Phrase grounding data
-.-.-
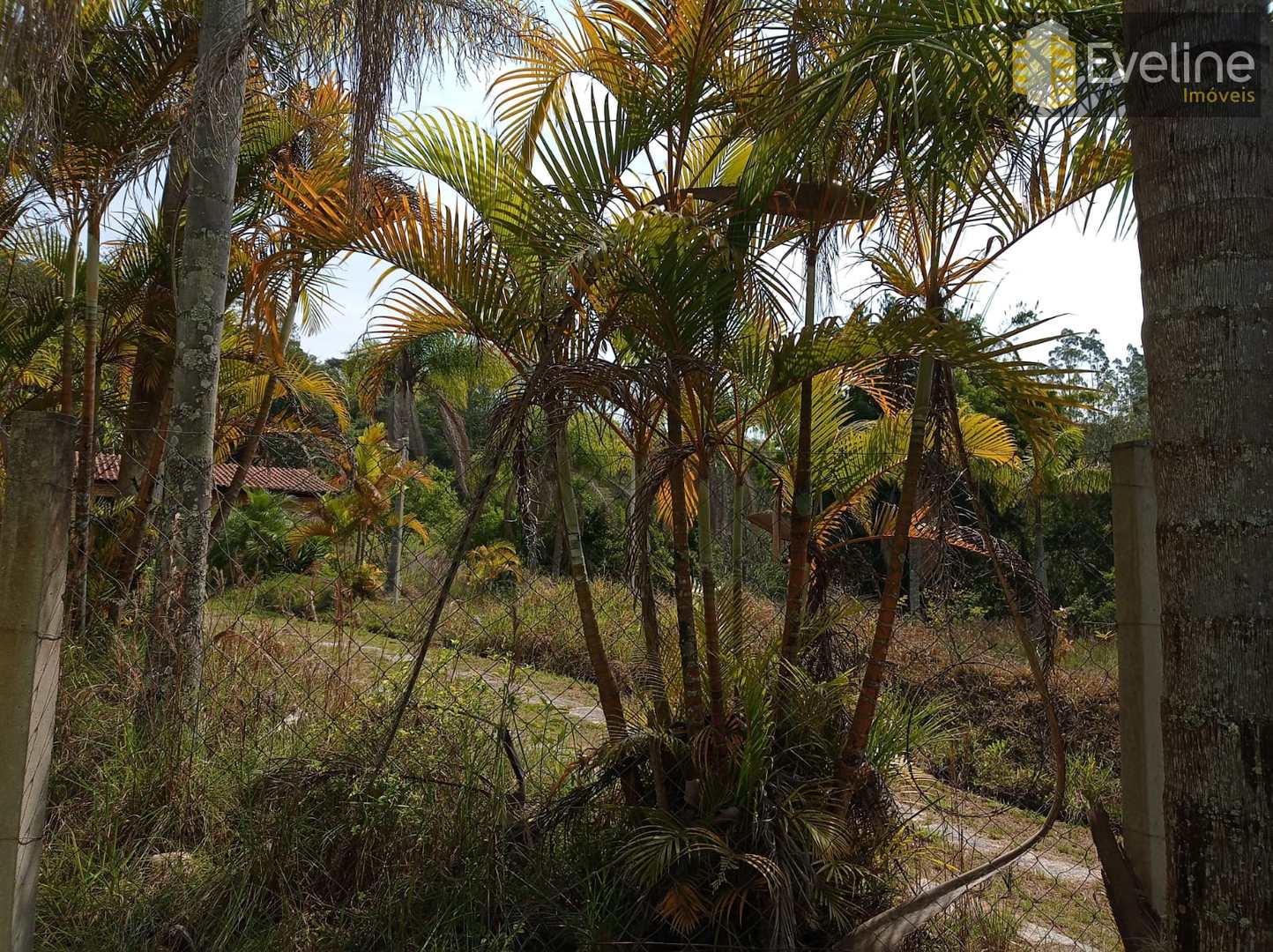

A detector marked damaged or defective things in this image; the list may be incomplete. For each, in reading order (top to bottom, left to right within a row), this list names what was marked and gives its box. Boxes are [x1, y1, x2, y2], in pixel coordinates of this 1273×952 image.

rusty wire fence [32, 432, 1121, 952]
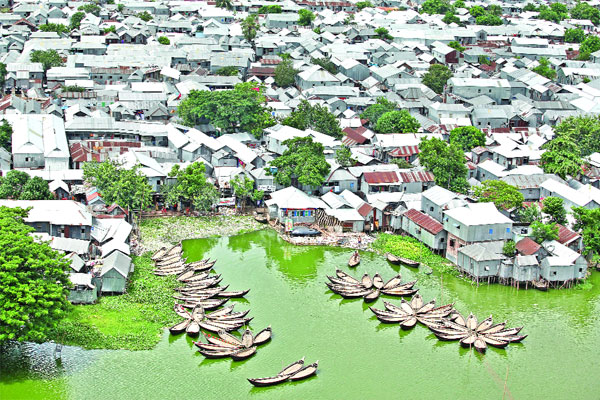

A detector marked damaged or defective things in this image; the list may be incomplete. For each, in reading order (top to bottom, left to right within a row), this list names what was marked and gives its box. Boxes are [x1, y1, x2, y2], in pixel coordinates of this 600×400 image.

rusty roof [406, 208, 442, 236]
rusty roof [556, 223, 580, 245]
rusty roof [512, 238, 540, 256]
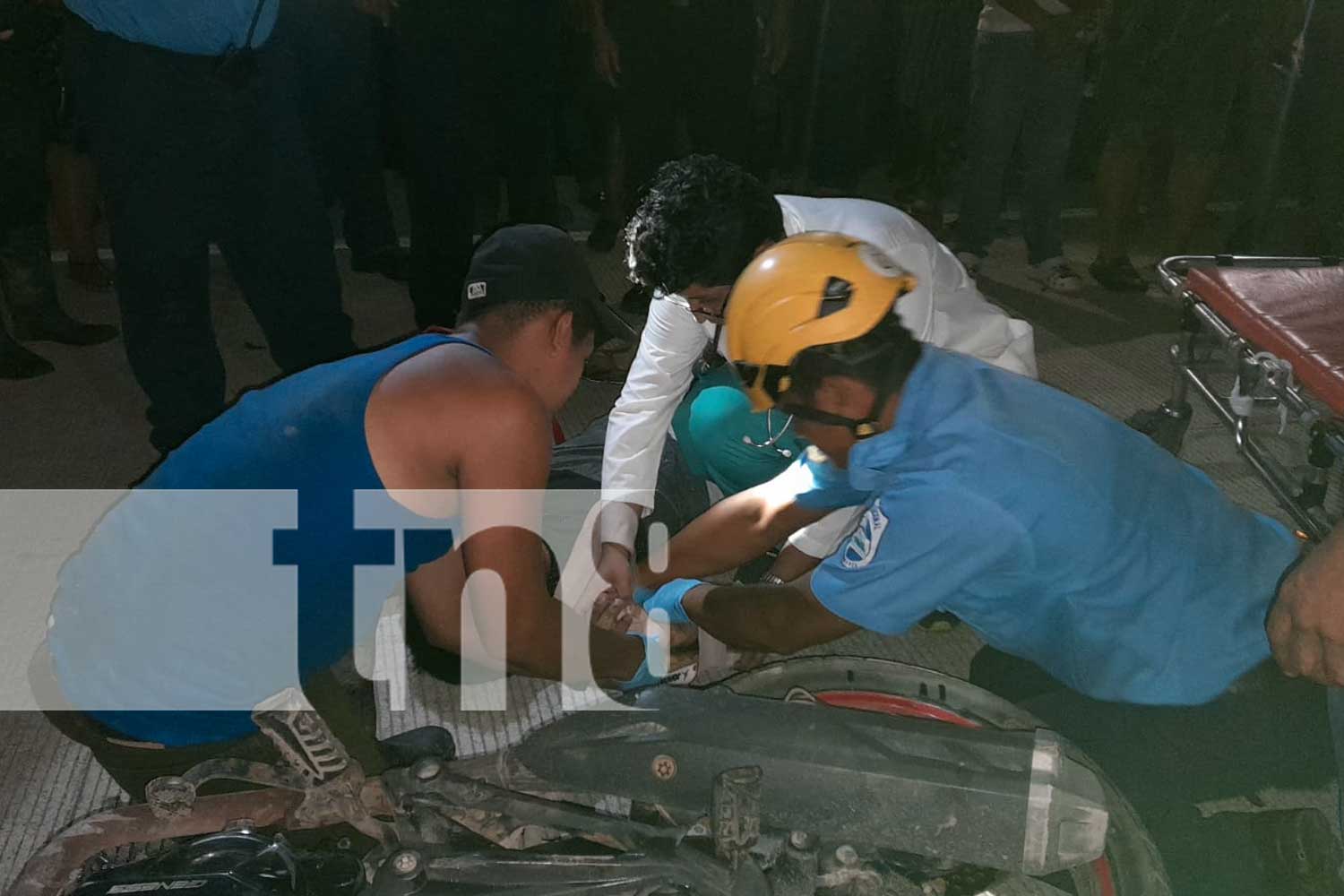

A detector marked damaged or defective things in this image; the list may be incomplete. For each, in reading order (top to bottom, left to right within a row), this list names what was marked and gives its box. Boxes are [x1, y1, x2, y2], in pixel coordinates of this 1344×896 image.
-.-.-
What is required → Every line above should be transcribed exactly, though no image should be carried over.

Your solution →
A detector marked damaged or defective things in this image; the list may be incomplete. For each, in reading order (top to bottom, left to right within a row), this list names what was marked and gives its box. Boxes are [x1, y1, x2, y2], in pixel coordinates of this 1273×952 image.

rusty wire fence [32, 432, 1121, 952]

A detector marked damaged or defective things in this image; the list may be incomplete. For each, in reading order (top to bottom, left to right within a row), this list names what was marked and gives its box. Boxes are [x1, y1, x2, y2], in pixel coordinates of this 600×400 image.

rusty roof [406, 208, 442, 236]
rusty roof [556, 223, 580, 245]
rusty roof [512, 238, 540, 256]

A detector marked damaged or defective things in this image; the list may be incomplete. For each, in reading order (top to bottom, left to right within a row), this list names what was marked and gives its box. Boxes are [x1, y1, x2, y2], in pixel coordinates of this 1344×896 image.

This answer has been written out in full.